1993 Senate Report Card
103d Congress, 1st Session
Hearings held in 1994, with status of printed transcripts Compiled by John A. McGeachy, November 30, 1999 at North Carolina State University
Total # Printed Unprinted %
hearings(1) hearings hearings printed
Aging 15 15 0 100%
Agriculture 18 18 0 100%
Appropriations 54 45 9 83%
Armed Services 31 25 6 81%
Banking 50 49 1 98%
Budget 5 3 2 60%
Commerce 79 76 3 96%
Joint Economic 24 16 8 67%
Energy 62 60 2 97%
Environment 47 46 1 98%
Ethics Study 1 1 0 100%
Finance 41 41 0 100%
Foreign Relations 163 92 71 56%
Government Affairs 56 55 1 98%
Indian Affairs 31 31 0 100%
Intelligence 23 14 9 61%
Judiciary 50 49 1 98%
Labor 66 65 1 99%
Library 1 1 0 100%
Organization 25 25 0 100%
Printing 3 2 1 67%
Rules 14 8 6 57%
Small Buiness 15 14 1 93%
Veterans' Affairs 24 18 6 75%
Total 898 769 129 86%
(1) Arriving at a figure for the total number of hearings held by a committee
is problematical. These conventions are used for the numbers in the first
column.
(a) For hearings that have been printed, each physically bound volume is
counted as one hearing. If a single bound volume of a printed hearing
contains the transcript of meetings held on multiple days, it is still counted
as a single hearing.
(b) The Daily Digest section of the Congressional Record is used to identify
unprinted hearings. For unprinted hearings, if the Daily Digest notes the
continuation of hearings on subsequent days, those multiple meetings of a
committee are counted as a single hearing.

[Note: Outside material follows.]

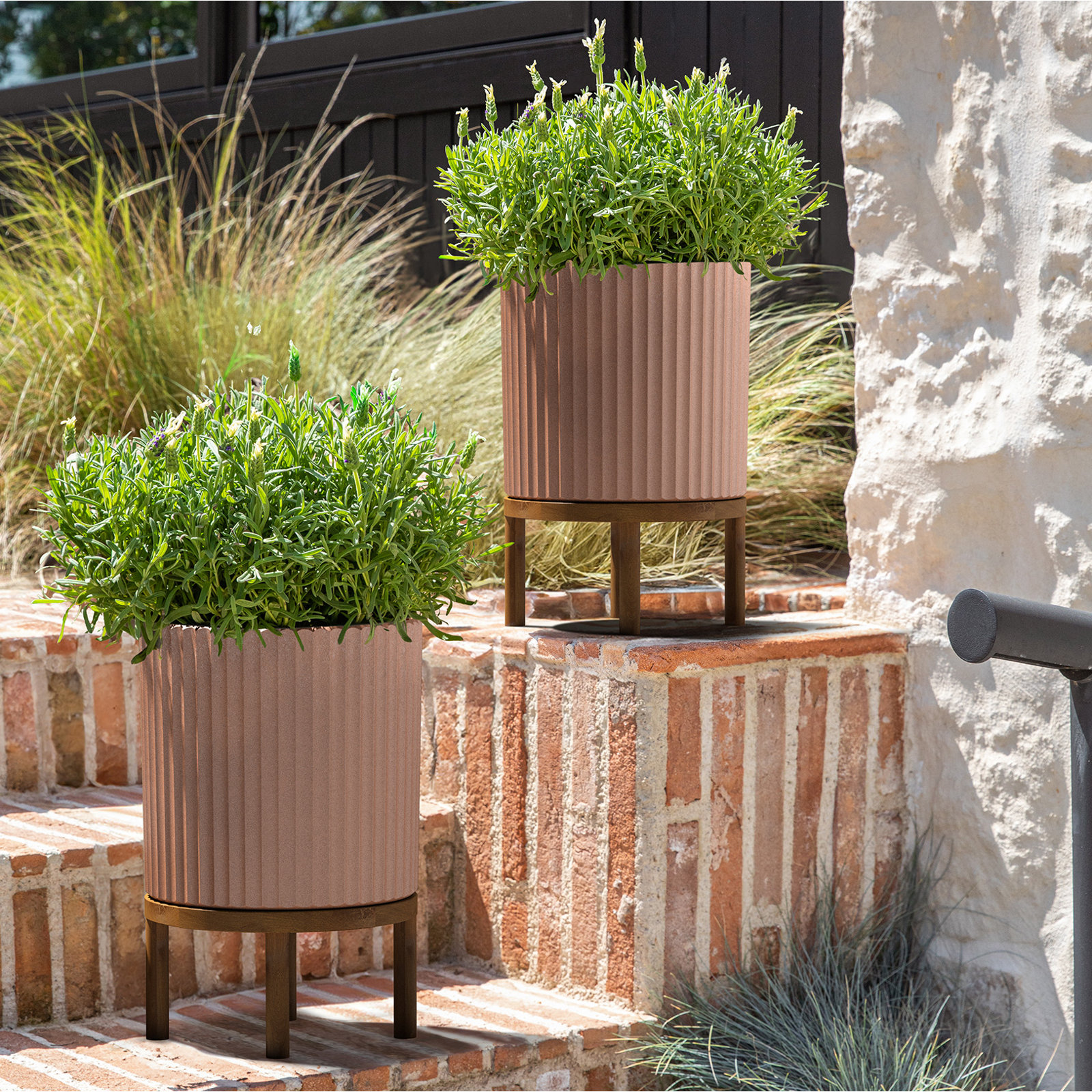 Demi Pot Planter, 2, 16" H x 10.5" W x 10.5" D, Terracotta/Brown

Frequently, however, it is not possible to determine that a hearing is to be
continued at a later date. And later, when a second date for a hearing
appears in the Daily Digest, sometimes after a considerable length of time
between the committee meetings, the continuation of the hearing will be
counted as a second hearing, and entered separately into the appropriate
database.
Later when (or if) the transcript of this example hearing on multiple days is
printed, it will be noted that the printed volume contains the transcript from
multiple days. Adjustments will then be made in the databases to collapse
multiple records for the multiple meetings of the committee on the hearing
topic into a single record. This will result in a smaller number of "Total #
hearings" than was previously recorded.
(c) Field hearings present additional problems. They are not reported in the
Daily Digest. I have not found a convenient source of them, and would welcome
any suggestions as to how to identify them. The count of hearings contains
only those field hearings that have been printed; and when a new field hearing
is printed and becomes known, its addition will be added to both the "Total #
hearings" and to the "Printed hearings" columns.